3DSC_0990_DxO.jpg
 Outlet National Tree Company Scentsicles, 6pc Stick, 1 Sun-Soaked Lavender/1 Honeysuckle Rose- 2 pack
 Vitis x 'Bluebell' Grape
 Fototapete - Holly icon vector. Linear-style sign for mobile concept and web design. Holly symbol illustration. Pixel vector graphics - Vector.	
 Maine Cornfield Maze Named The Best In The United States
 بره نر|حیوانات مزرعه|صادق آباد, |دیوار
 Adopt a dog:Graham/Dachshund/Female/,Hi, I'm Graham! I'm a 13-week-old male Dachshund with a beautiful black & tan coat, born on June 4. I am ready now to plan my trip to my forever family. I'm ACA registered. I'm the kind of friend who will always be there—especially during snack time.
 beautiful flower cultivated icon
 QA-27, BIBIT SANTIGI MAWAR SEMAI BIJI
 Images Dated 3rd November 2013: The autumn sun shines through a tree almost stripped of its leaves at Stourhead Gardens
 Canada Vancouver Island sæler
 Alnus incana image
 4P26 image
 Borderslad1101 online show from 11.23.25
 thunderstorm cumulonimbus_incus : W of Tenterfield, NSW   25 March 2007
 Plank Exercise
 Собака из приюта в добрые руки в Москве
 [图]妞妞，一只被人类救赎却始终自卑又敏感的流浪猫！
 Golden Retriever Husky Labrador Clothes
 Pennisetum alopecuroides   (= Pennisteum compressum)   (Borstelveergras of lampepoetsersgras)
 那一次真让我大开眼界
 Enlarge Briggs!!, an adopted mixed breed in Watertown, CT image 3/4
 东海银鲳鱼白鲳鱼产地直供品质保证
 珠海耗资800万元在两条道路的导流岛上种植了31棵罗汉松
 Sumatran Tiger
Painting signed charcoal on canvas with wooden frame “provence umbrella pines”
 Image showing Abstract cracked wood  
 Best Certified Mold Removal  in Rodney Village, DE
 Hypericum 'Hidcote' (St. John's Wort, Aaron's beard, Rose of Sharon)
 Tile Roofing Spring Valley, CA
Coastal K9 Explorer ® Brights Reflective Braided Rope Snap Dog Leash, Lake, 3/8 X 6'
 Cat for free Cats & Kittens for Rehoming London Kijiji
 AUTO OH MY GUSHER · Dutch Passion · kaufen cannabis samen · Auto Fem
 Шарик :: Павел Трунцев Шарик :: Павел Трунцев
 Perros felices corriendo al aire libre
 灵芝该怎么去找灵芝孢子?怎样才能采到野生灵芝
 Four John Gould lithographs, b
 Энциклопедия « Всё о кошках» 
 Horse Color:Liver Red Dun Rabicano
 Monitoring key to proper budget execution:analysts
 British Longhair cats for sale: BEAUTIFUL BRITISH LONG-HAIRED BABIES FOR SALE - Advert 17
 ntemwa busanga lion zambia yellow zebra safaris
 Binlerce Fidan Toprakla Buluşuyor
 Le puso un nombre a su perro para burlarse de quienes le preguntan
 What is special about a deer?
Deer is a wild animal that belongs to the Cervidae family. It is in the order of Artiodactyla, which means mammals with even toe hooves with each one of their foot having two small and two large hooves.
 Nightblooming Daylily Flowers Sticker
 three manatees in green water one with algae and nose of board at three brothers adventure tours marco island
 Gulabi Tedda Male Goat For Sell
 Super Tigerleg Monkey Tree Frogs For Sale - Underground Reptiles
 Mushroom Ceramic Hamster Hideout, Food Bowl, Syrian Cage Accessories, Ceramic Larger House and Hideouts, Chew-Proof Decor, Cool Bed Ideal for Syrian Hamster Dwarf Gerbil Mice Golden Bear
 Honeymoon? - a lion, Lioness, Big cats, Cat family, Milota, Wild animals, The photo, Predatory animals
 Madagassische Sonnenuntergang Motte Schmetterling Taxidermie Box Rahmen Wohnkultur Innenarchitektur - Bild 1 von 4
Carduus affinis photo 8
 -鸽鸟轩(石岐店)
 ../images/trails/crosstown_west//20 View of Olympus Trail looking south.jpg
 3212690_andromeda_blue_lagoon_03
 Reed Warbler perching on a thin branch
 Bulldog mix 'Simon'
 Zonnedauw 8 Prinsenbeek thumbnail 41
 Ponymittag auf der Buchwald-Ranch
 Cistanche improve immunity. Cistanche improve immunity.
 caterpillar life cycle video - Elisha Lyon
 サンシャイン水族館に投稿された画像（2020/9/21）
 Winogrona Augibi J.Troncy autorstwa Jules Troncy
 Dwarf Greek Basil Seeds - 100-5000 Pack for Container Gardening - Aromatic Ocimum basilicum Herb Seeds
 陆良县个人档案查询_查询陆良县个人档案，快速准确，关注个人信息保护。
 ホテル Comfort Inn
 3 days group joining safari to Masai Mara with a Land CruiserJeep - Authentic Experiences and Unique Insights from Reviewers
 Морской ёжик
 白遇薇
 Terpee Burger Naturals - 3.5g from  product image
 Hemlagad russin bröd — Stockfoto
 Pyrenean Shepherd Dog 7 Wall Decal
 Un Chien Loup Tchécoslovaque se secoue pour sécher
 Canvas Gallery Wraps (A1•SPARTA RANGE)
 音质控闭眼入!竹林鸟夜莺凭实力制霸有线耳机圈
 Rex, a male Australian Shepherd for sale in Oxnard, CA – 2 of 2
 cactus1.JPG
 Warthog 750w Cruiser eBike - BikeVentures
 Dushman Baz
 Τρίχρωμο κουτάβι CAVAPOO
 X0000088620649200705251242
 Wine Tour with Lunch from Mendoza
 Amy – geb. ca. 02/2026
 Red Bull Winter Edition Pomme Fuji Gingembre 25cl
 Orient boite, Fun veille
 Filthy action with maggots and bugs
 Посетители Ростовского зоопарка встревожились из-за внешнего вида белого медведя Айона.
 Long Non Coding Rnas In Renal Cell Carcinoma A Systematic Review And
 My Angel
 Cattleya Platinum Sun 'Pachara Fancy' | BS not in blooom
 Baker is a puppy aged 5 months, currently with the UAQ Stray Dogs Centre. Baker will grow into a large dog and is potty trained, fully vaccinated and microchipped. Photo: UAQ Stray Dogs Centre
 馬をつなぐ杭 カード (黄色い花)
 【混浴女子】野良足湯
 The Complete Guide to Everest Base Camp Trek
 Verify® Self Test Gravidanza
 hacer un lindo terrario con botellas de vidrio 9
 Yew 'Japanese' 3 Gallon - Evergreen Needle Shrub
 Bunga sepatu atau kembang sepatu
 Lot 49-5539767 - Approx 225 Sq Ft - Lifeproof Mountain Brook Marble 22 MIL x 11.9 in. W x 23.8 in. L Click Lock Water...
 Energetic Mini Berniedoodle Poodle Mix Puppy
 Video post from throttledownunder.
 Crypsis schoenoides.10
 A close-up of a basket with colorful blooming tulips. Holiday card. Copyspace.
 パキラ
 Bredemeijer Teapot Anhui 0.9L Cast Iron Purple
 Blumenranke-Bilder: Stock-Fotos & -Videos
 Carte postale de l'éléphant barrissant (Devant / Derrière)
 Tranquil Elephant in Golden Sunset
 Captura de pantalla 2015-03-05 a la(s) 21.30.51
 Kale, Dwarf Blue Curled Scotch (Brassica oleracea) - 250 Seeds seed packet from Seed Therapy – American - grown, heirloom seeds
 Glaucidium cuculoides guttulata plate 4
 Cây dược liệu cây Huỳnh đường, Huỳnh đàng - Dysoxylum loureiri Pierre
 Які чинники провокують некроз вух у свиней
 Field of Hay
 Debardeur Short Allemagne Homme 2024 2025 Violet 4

————

Look through the data above. Copy every line with the string "lion" in it.

 ntemwa busanga lion zambia yellow zebra safaris
 Honeymoon? - a lion, Lioness, Big cats, Cat family, Milota, Wild animals, The photo, Predatory animals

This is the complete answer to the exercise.